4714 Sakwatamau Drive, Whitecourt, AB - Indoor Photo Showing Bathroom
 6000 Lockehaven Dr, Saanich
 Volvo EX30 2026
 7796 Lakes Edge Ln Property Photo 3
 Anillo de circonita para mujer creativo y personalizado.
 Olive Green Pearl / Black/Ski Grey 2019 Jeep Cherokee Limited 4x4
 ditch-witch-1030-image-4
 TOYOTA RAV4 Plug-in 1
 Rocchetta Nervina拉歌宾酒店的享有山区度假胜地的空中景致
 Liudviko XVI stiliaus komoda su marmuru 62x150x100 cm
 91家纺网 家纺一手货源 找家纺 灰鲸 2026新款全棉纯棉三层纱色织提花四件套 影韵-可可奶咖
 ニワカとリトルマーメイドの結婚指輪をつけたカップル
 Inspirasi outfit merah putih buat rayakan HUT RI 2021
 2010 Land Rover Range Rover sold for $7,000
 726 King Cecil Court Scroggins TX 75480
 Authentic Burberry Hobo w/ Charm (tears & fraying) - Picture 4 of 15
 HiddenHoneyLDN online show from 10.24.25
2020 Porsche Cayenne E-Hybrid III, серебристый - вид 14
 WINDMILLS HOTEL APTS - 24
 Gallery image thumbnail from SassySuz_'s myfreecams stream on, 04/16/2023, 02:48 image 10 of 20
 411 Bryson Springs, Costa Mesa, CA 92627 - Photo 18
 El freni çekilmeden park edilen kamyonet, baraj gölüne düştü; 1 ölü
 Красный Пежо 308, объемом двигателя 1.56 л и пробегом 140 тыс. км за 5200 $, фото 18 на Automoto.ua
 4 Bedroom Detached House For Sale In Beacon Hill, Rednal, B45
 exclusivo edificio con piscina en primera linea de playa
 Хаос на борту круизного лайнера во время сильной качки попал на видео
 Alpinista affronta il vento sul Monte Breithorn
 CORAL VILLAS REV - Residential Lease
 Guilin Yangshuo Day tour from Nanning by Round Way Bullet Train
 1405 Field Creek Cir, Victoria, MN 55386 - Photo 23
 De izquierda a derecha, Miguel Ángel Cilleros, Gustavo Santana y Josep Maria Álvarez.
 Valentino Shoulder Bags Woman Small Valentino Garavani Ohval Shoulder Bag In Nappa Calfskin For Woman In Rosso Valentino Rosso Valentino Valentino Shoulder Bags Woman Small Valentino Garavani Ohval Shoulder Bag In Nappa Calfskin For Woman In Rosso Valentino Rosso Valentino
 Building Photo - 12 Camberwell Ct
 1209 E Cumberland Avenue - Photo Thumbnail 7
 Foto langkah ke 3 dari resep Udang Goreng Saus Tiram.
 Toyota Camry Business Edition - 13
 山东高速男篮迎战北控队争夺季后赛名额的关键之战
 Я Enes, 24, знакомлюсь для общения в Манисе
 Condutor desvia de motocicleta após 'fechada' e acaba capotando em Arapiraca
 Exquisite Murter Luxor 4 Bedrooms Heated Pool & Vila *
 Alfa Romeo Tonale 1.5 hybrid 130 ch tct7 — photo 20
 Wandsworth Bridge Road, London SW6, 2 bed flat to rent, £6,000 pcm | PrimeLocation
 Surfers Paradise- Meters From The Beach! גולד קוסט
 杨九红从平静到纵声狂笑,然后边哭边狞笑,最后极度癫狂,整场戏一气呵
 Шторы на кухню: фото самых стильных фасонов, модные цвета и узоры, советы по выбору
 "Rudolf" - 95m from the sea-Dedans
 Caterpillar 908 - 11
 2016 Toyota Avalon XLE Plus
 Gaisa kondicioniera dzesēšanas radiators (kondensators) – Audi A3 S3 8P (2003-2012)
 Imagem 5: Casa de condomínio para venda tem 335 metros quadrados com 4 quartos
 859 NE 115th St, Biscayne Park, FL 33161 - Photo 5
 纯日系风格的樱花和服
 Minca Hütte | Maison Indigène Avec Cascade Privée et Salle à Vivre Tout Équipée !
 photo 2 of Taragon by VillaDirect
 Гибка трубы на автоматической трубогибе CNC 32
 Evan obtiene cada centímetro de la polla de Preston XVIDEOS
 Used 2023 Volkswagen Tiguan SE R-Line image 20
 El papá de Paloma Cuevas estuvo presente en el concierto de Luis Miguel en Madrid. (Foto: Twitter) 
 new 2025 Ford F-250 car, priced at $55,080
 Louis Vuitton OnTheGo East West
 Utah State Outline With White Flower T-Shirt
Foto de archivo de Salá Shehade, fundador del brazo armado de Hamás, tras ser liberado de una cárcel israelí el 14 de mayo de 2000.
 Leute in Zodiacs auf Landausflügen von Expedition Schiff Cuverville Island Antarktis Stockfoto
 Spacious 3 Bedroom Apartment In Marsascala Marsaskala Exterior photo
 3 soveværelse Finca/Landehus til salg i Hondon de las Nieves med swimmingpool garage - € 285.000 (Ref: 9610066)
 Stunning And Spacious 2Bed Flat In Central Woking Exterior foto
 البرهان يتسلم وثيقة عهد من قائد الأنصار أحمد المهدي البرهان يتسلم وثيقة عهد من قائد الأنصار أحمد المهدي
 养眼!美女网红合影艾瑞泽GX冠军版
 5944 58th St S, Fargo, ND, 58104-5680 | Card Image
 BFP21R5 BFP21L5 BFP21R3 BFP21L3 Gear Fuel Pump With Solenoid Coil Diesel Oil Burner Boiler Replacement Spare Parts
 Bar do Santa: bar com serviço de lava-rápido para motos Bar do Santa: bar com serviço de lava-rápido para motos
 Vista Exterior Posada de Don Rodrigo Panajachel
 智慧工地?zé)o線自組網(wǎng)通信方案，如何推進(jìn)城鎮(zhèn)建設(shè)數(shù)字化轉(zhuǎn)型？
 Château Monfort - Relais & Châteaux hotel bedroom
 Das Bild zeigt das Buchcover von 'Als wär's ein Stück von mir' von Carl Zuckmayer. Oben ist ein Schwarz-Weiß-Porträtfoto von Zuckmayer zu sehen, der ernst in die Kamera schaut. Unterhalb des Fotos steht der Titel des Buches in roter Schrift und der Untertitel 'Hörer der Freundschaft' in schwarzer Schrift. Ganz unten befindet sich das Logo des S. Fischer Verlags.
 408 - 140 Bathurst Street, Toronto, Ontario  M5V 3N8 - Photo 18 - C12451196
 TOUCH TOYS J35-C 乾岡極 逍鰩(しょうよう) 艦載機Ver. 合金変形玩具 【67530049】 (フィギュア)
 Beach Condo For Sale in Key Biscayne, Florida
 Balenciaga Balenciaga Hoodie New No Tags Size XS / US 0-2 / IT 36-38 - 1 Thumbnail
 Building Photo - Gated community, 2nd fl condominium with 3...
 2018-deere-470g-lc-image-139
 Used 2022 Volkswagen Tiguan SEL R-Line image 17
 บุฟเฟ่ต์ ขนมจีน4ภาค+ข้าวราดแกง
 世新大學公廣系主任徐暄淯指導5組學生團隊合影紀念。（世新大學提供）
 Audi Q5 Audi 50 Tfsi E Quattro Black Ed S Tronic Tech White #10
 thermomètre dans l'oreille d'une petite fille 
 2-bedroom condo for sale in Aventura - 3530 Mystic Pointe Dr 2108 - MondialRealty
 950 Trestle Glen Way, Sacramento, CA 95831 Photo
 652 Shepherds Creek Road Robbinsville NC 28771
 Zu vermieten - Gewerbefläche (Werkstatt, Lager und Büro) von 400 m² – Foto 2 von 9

───

TASK OBJECTIVE: In the records above, locate each line with the word "фото". Copy all such lines.

RESPONSE BOX:
 Красный Пежо 308, объемом двигателя 1.56 л и пробегом 140 тыс. км за 5200 $, фото 18 на Automoto.ua
 Шторы на кухню: фото самых стильных фасонов, модные цвета и узоры, советы по выбору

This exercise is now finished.